End of an era
The forthcoming closure of Aquascutum’s flagship Regent Street store will mark a sad day in the brand’s history, says Dan Jude
Dan Jude, 3 August, 2011
On Sunday 7 August, Aquascutum’s iconic store at 100 Regent Street will open its doors for the last time. For the past 110 years, the brand’s formidable London flagship has been at the heart of the capital’s shopping district, but, due to soaring rent prices and a sizeable offer for its lease, is to be no more. Aquascutum’s current owner, Harold Tillman, head of the British Fashion Council, while respecting the heritage of this extraordinary building, is clearly optimistic about Aquascutum’s future elsewhere. ‘It has been a pleasure and a privilege to have owned and be the custodian of such a special building,’ he says. ‘As the Aquascutum brand continues to go from strength to strength and enters a new era, other luxury London addresses are more appropriate for its new flagship store.’ However, even though Tillman is clearly looking to the future, the closure represents a sad day in the luxury label’s rich 160-year history. It’s a day loaded with added poignancy for me, due to the close relationship my family has held with the brand – and the Regent Street store itself – for over 75 years.

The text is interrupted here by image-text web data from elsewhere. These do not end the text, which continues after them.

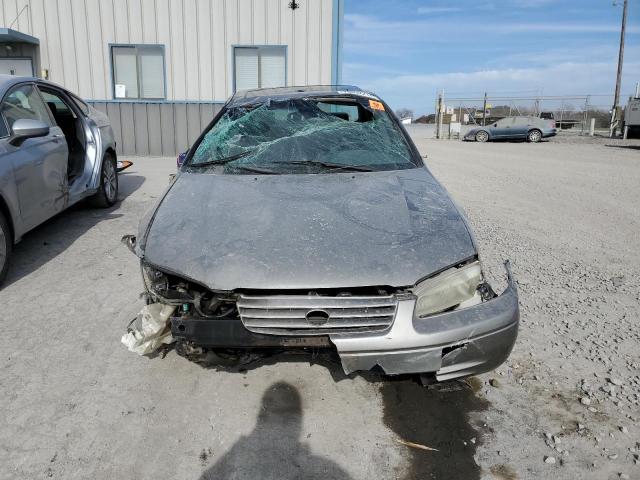 Photo 4 VIN: 4T1BG22K3XU438590 - TOYOTA CAMRY CE 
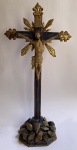 Crucifixo de madeira entalhada. 37 x 16 x 73 cm de altura. Minas, séc. XVII/XVIII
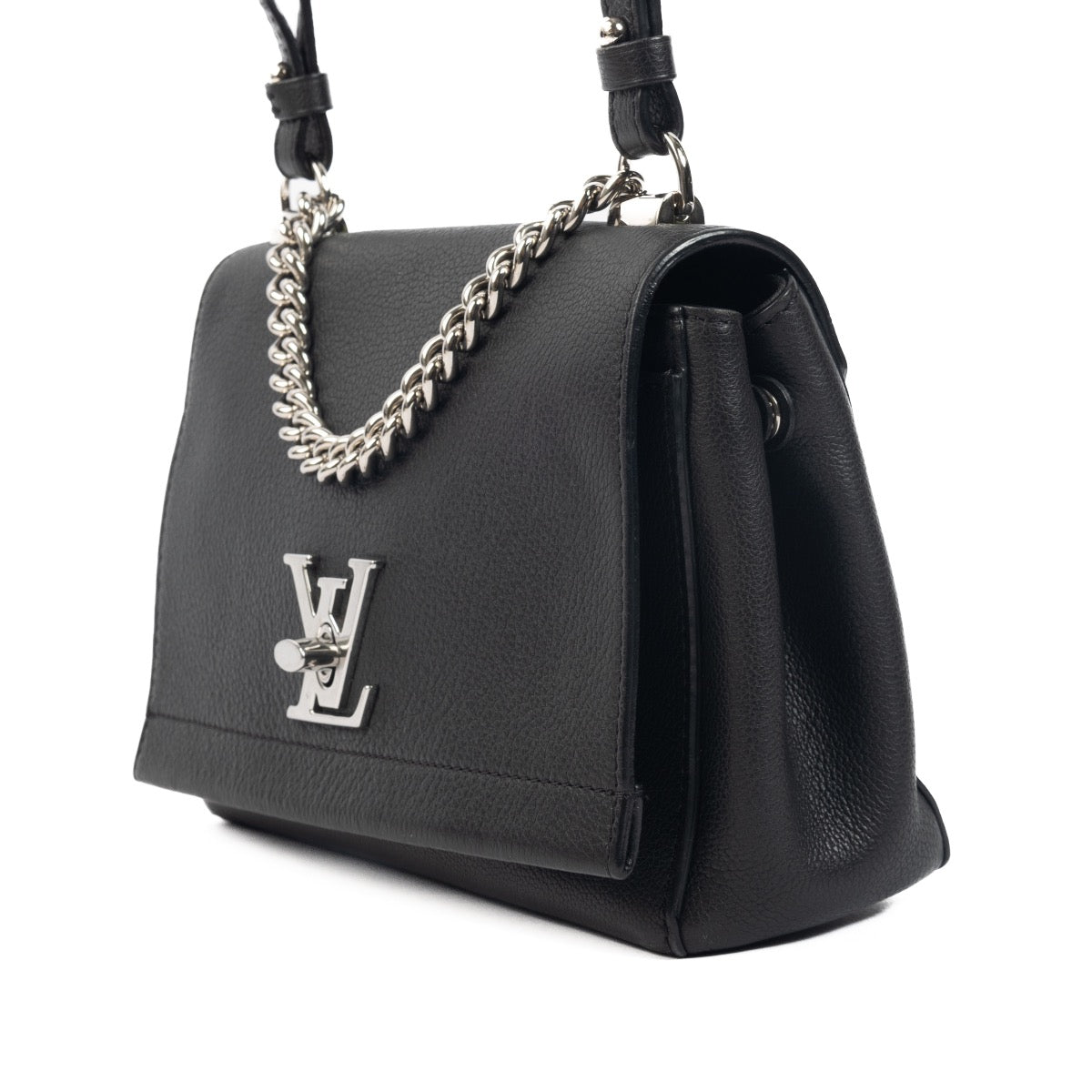 Shop safe online at Labellov in Antwerp, Brussels and Knokke this 100% authentic second hand Louis Vuitton Black Lockme Crossbody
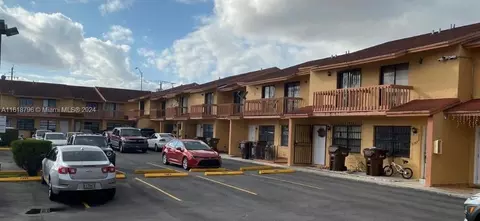 2349 W 66th Pl #302, Hialeah, FL 33016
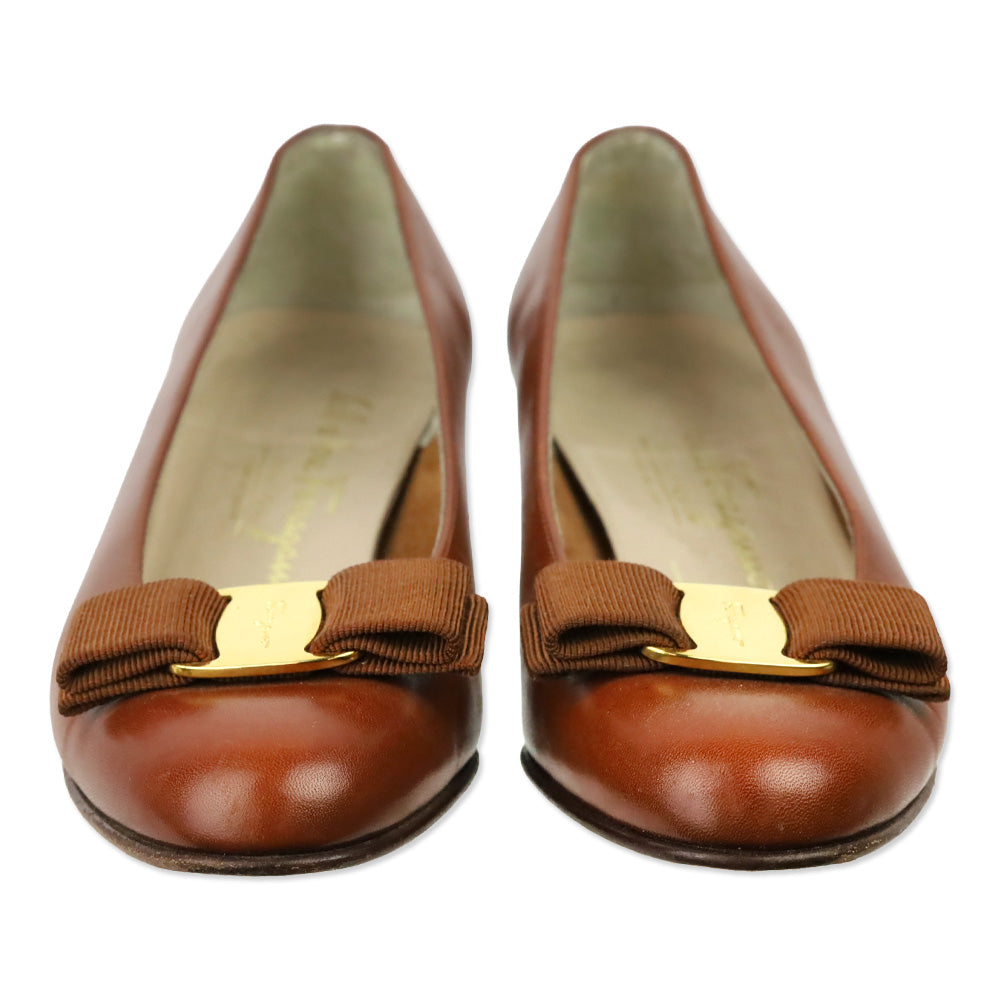 Salvatore Ferragamo Brown Leather Vara Bow Kitten Pumps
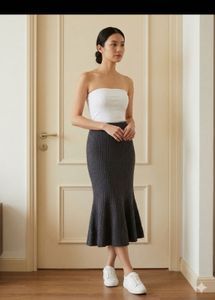 Grey Ribbed Knit Flare Skirt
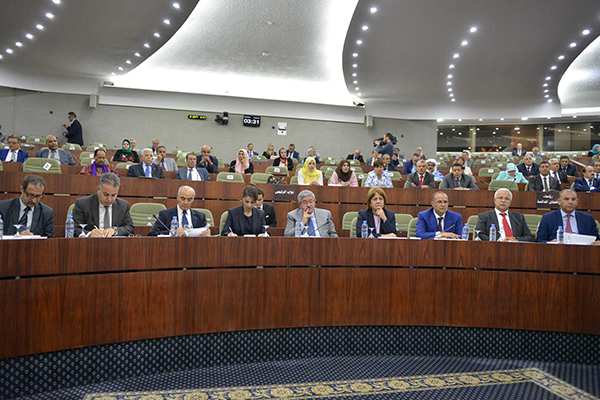 Affaire”Rebrab” : Ouyahia embarrassé par les députés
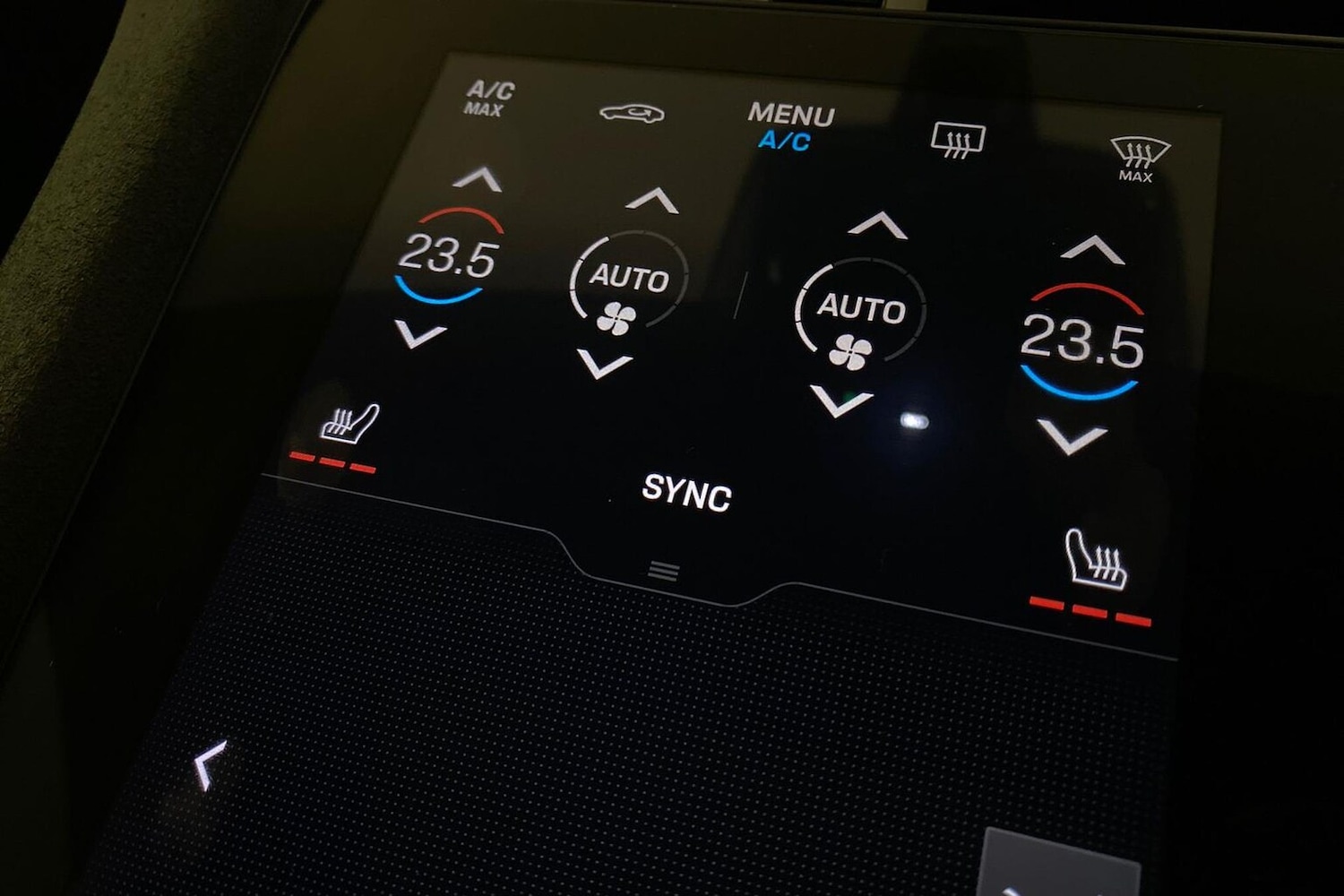 Used Porsche Taycan 2023 for sale - 76699393: Photo 25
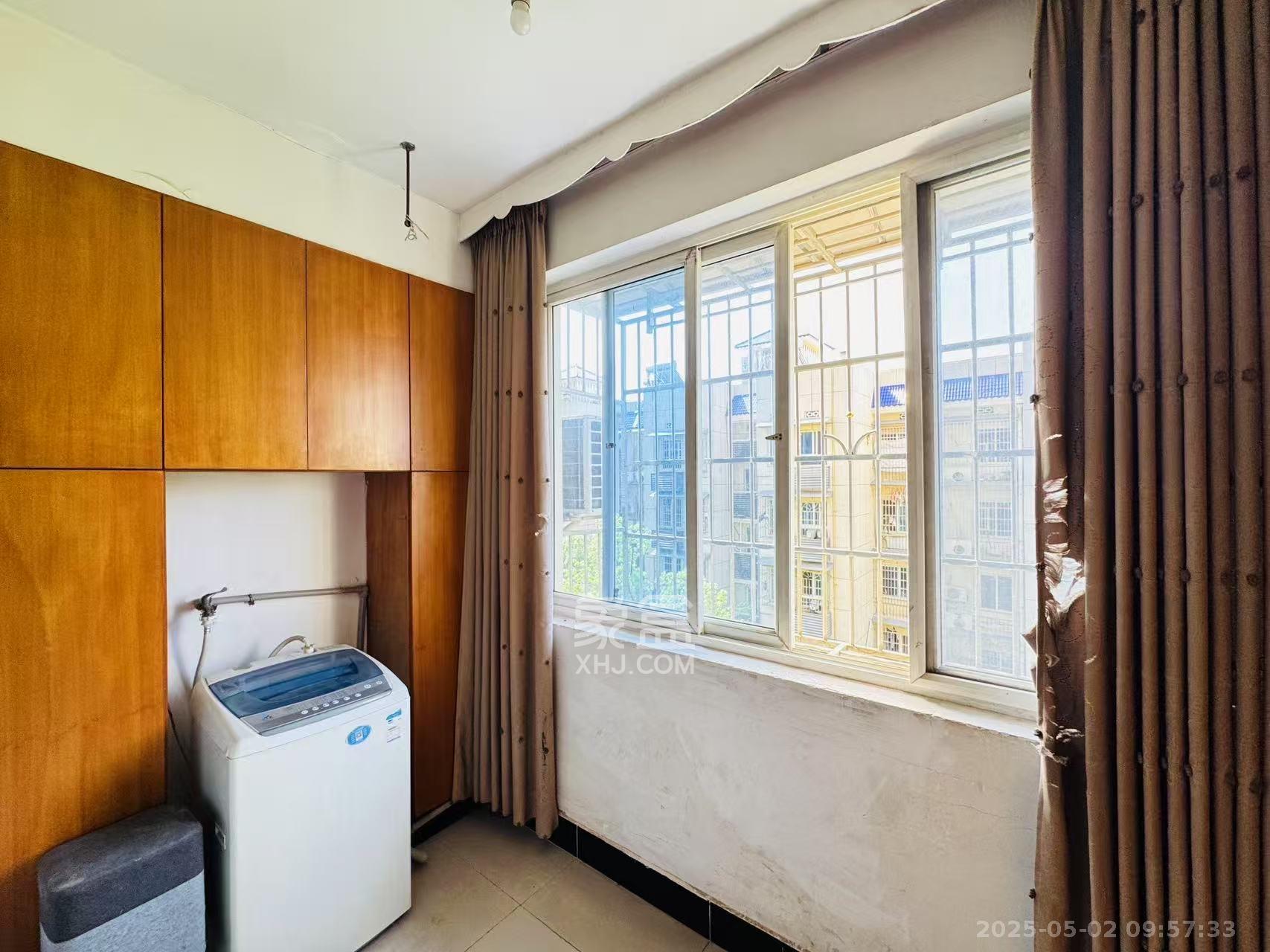 公交金盆小区 2室2厅1卫 1000.0元/月 公交金盆小区 2室2厅1卫 1000.0元/月室内图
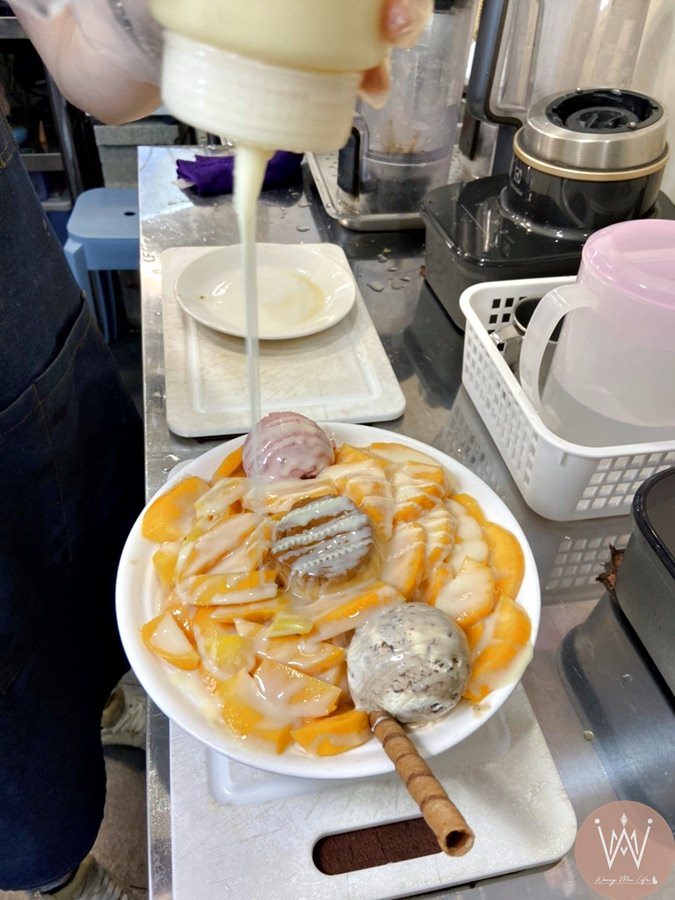 新竹美食-來自台南風味的冰菓室|現打果汁|現切水果|還吃得到高級款冰淇淋喔|店家地址營業時間電話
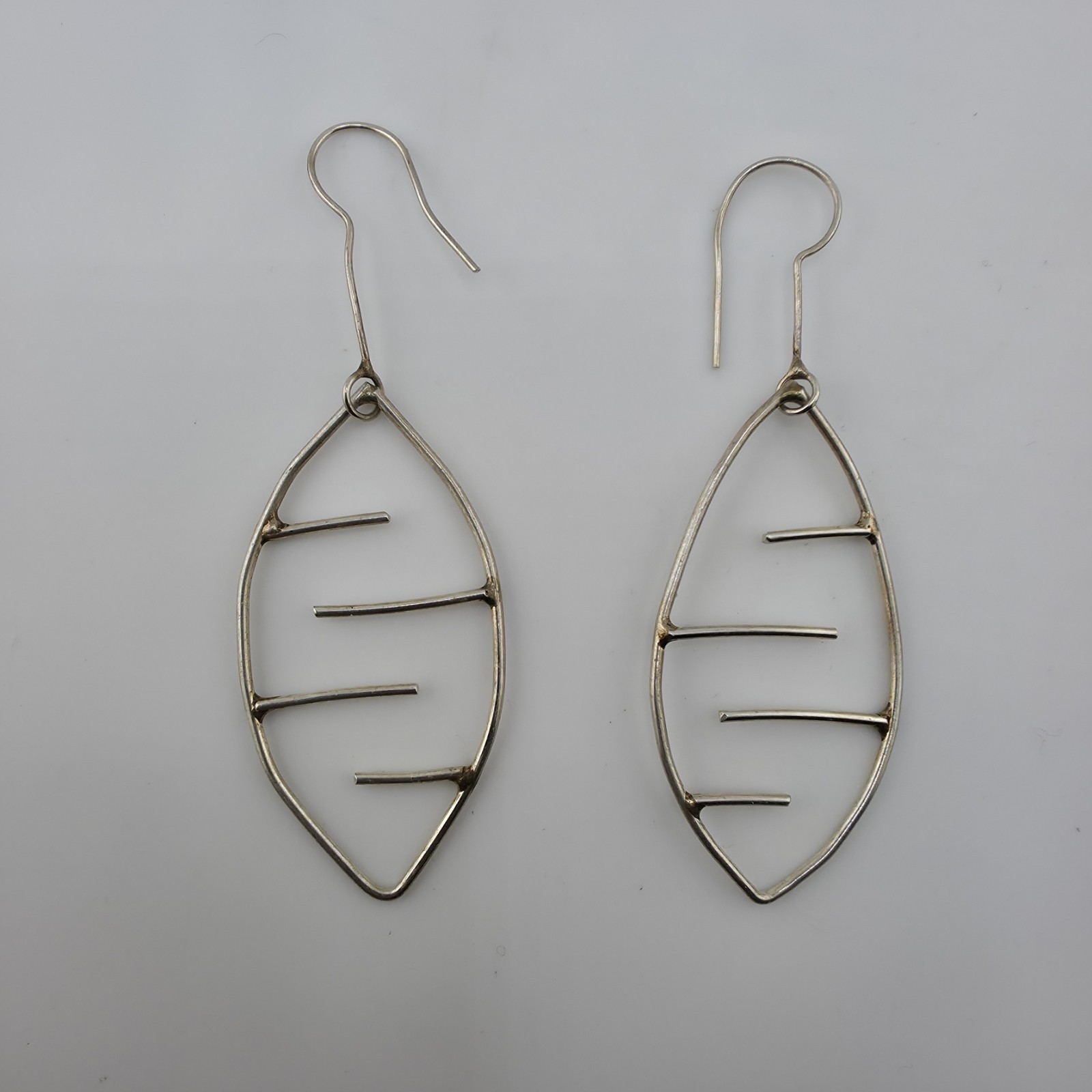 Sterling Silver Abstract Leaf Dangle Earrings Mod… - image 1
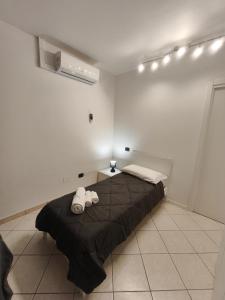 Single Room with Shared Bathroom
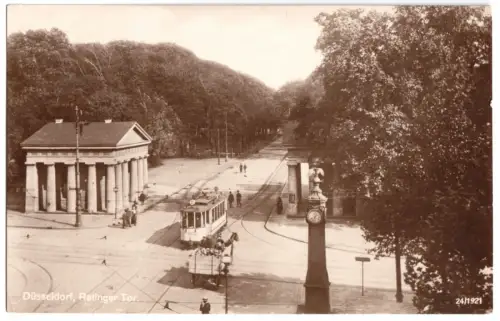AK, Düsseldorf, Ratinger Tor, Straßenbahn, Fuhrwerk, um 1925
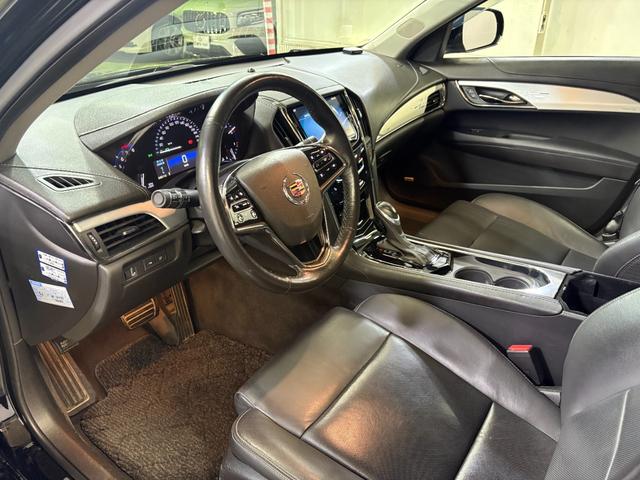 キャデラック　ATS　ラグジュアリー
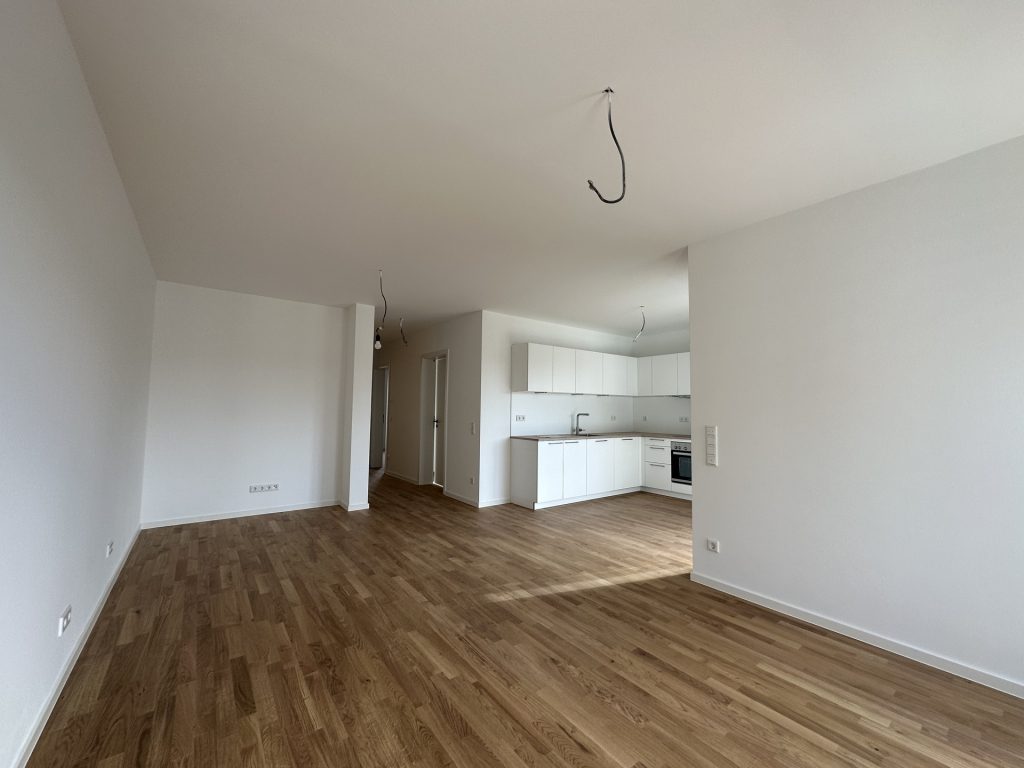 Hirn Immobilien GmbH - Immobilienangebot - Neu-Ulm - Wohnungen - 3-Zi.-Whg., 85,6 qm im 4. OG - SÜD STADT MITTE - ZUHAUSE MITTEN IN NEU-ULM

Purchased by my great-grandfather Isidore Abrahams in 1932, Aquascutum was later run by my grandfather and his brother, while several members of my family worked within the company throughout the 20th century. For my mother – an Aquascutum womenswear designer for over two decades – 100 Regent Street was a second home. Some of my earliest childhood memories involve stepping out onto the Aquascutum balcony overlooking bustling Regent Street to marvel at the scurrying shoppers below – the same balcony from which my grandmother watched the coronation of Queen Elizabeth II in 1953.
Of course, in today’s fast-moving, hyper-competitive retail marketplace it’s common for shops to open, close and relocate with relentless regularity. But Aquascutum is unlike most brands – it’s a label rooted in heritage, history and stability, and one which has always rejected the temptation of multi-store cross-capital expansion, preferring instead to focus on making the Regent Street shop one of London’s most distinguished retail destinations.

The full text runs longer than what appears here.